In other words, exercise can sharpen your skills, increase your alertness, and even act somewhat as an anti-depressant. All of which are essential in today’s professional arena.

Additionally, health clubs are an excellent networking opportunity. You never know who you may meet that could lead to your next big closing or even your next position. You must stay alert and focused to recognize opportunities. Once you recognize opportunity, you have to be willing to seize it.

Now that your exercise and nutrition plans are on track, what can you do to further advance your financial success? Just as you would look to a health and wellness expert for fitness advice, get your financial advice from a financial expert.

Michael Kothakota, CEO of Wolfbridge Financial, works daily to improve the livelihood of his clients. The following are tips and tricks to establish sound practices that will drive you to successfully achieving your personal financial goals.
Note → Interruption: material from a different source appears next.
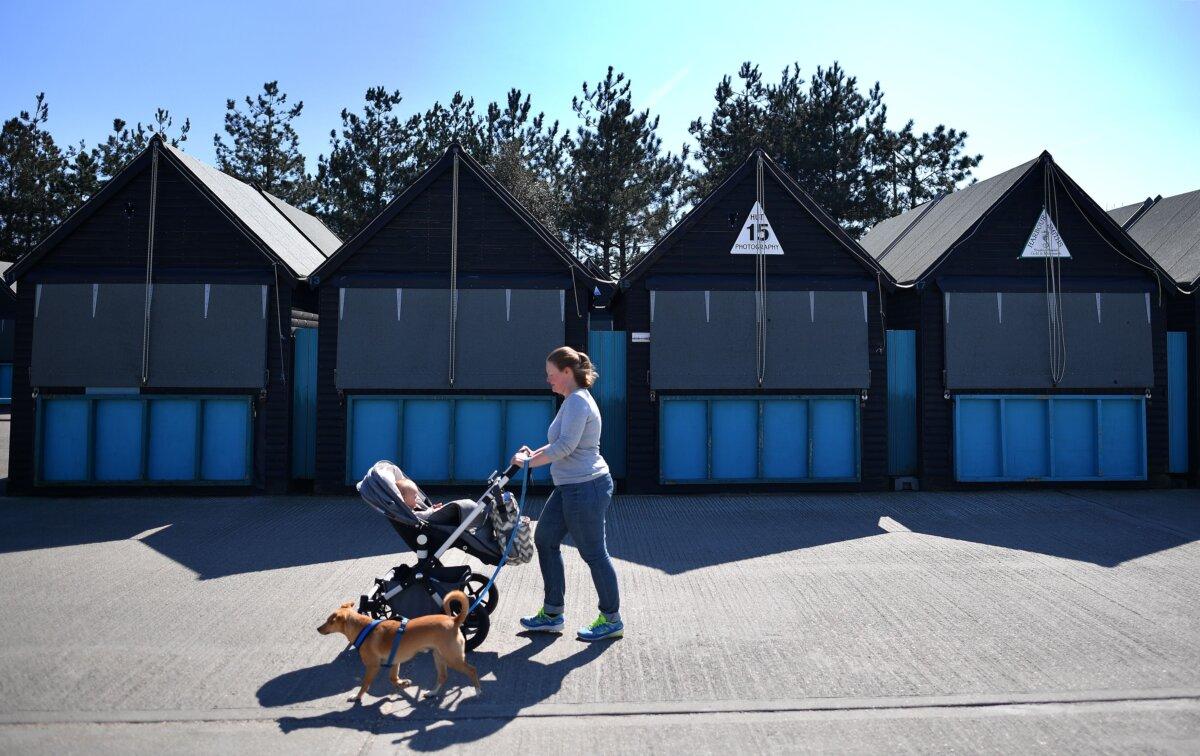 A woman pushes a baby buggy as she walks a dog past closed-down stalls at an empty Harbour Market, during lockdown, in Whitstable, southeast England, on April 11, 2020. (Ben Stansall/AFP via Getty Images)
The first step to achieving your financial goals is to actually have a plan. Now, when we talk about plans, we aren’t saying that they shouldn’t change or be set in stone. Financial plans are guidelines that you follow on your way to reaching your financial goals. As Bert said, you can’t be single-minded and focus on one thing. Most fitness goals require a comprehensive plan, and like fitness goals, financial goals can be complicated as well.

So, how do you get started?

The first thing you should do is organize your financial documents. When things are spread out all over the place, it becomes difficult to actually get anything done. Procrastination occurs, and then you are no further along than when you started. There are many filing systems that you can utilize. You can mirror one at work, use an electronic filing method (if that works for you), or you can create one.

Next, create a chart, table, spreadsheet with the organized financial information contained within. Separate your long-term investments from your shorter term money (checking, money market, etc.). Create a balance sheet that lists your assets and liabilities. Subtract your liabilities from your assets, and voila! You now have your net worth.

Don’t be afraid of the number. The important part is that you are now organized and have a good handle on your financial position. What’s next?

Budget. Developing a budget is fairly easy, but we make it difficult. Simply add together all income you have. Next, add together all fixed expenses such as your mortgage, car payment, student loan payments, etc. Variable expenses are a little trickier, but you can estimate with fair accuracy by averaging the past three months of variable expenses (water, sewer, gas, gasoline, etc.) and using that number to estimate a fair expense. Subtract both your variable and fixed expenses from your income and you now have a decent budget.

The next steps are fairly simple. If you have revolving debt, pay it off. There are all sorts of online tools that will help you do this. Most people pay off higher interest debt first, but I prefer that you payoff the smallest debt first. Why? Psychologically, it is fulfilling. It will encourage you to pay off the other debts quickly.

Once you have paid off your revolving debt, move onto creating an emergency fund. Three months salary is usually sufficient, but comfort level can come into play. Some people prefer six months or even twelve months.

Finally, you can move onto investments. If you have a 401k at work, or existing investments, unless you are a financial savant (in which case this half of the article is useless to you), please consult an investment advisor. A lot of 401k’s are offering this service for free for the employees. Or you can hire someone to look over your accounts and make sure that your investments are tracking our long-term goals.

Remember, the first step is to get organized. After that, it all becomes easy. Don’t let the overwhelming nature of financial issues stop you from seizing control.